渡鴉之丘: 在 PostgreSQL 產生次數分配圖表的 SQL 語法

在 Excel 或 Libreoffice Calc 中，可以用資料畫次數分配長條圖（Frequency Distribution Chart）；那在 PostgreSQL 要怎麼用 SQL 語法達成？

目前找的到的資料，約有兩三種方法～
這裡列出比較簡單理解的方式，主要是參考這裡。這裡借用的範例，能夠繪製等區間的次數分配表（還有對應的圖～）；另外還有比較貼近平常在試算表中取間隔的方式。最後，提供一個被打包成 Aggregate Function 的 PL/pgSQL 以及它的用法。

以下範例資料使用 EnterpriseDB 企業版資料庫內建的範例資料進行。資料可以從這裡看到。

1) 使用 width_bucket() 以及 range 相關函數，依照資料極大/極小值範圍切等分進行計數

WITH sal_range AS (
  SELECT min(sal) AS min,
           max(sal) AS max
  FROM emp
)
   , histogram AS (
  SELECT width_bucket(sal, min, max, 9) AS bucket,
         numrange(min(sal), max(sal), '[]') AS range,
         count(*) AS freq
  FROM emp, sal_range 
  GROUP BY bucket
  ORDER BY bucket
)
SELECT bucket, range, freq,
       repeat('■',
               ( freq::float
                 / max(freq) over()
                 * 30
               )::int
        ) AS bar
FROM histogram;

 bucket |       range       | freq |              bar               
--------+-------------------+------+--------------------------------
      1 | [1250.00,1953.13] |    5 | ■■■■■■■■■■■■■■■■■■■■■■■■■■■■■■
      2 | [2031.25,2500.00] |    3 | ■■■■■■■■■■■■■■■■■■
      4 | [3828.13,3828.13] |    1 | ■■■■■■
      5 | [4453.13,4687.50] |    4 | ■■■■■■■■■■■■■■■■■■■■■■■■
     10 | [7812.50,7812.50] |    1 | ■■■■■■
(5 rows)

上面的 Common Table Expression 有三塊段落，最下面的主要部份是畫指令界面的長條圖的段落；如果只要運算值，只要取前兩區塊即可。
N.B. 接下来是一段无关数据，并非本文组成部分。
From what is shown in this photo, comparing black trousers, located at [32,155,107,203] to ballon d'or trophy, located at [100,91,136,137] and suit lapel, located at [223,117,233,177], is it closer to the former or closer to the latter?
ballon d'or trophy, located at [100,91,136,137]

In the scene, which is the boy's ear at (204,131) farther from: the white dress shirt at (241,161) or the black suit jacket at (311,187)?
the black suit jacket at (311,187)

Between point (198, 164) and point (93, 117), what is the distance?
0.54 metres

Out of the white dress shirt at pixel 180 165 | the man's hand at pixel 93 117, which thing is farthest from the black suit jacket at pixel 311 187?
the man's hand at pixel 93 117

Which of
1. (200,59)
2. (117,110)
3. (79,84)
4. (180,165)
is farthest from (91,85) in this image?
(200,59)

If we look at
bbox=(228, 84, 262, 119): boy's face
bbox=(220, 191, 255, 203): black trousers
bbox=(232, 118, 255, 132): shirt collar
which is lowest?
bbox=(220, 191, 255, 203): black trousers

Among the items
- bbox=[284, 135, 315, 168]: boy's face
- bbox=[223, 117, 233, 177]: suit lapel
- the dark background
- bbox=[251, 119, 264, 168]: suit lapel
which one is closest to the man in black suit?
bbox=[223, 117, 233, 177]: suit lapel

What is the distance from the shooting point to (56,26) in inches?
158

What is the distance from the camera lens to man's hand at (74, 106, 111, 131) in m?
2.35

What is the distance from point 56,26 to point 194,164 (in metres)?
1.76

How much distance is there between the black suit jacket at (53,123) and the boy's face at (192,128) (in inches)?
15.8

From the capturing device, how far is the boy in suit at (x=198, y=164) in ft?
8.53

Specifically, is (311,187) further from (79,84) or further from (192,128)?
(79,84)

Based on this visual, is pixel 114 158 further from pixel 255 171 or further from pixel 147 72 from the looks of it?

2) 借助 Window function 產生指定間距的 range 型態資料，然後拿來作圖。這比較像一般長條圖取間距的方式

WITH value_range AS(
    SELECT numrange(coord
         , lead(coord) OVER (ORDER BY coord)
         ) AS bucket
    FROM generate_series(0, 10000, 700) AS coord
)
   , histogram AS ( 
   SELECT bucket, count(sal) AS freq 
   FROM emp, value_range 
   WHERE sal <@ bucket 
   GROUP BY bucket 
   ORDER BY bucket 
) 
 SELECT bucket, freq, 
        repeat('■', 
                ( freq::float 
                  / max(freq) OVER() 
                  * 30 
                )::int 
        ) AS bar 
   FROM histogram;

   bucket    | freq |              bar               
-------------+------+--------------------------------
 [700,1400)  |    1 | ■■■■■■
 [1400,2100) |    5 | ■■■■■■■■■■■■■■■■■■■■■■■■■■■■■■
 [2100,2800) |    2 | ■■■■■■■■■■■■
 [3500,4200) |    1 | ■■■■■■
 [4200,4900) |    4 | ■■■■■■■■■■■■■■■■■■■■■■■■
 [7700,8400) |    1 | ■■■■■■
(6 rows)

這段 SQL 使用 lead() 這個 Window Function ，在產生的序列上，前後兩筆資料（數值）做成等間隔；並計數落在各間隔範圍的 Salary 資料筆數。值得注意的是，裡面使用了 Postgres 的 range 資料型態以及其運算 sal <@ bucket。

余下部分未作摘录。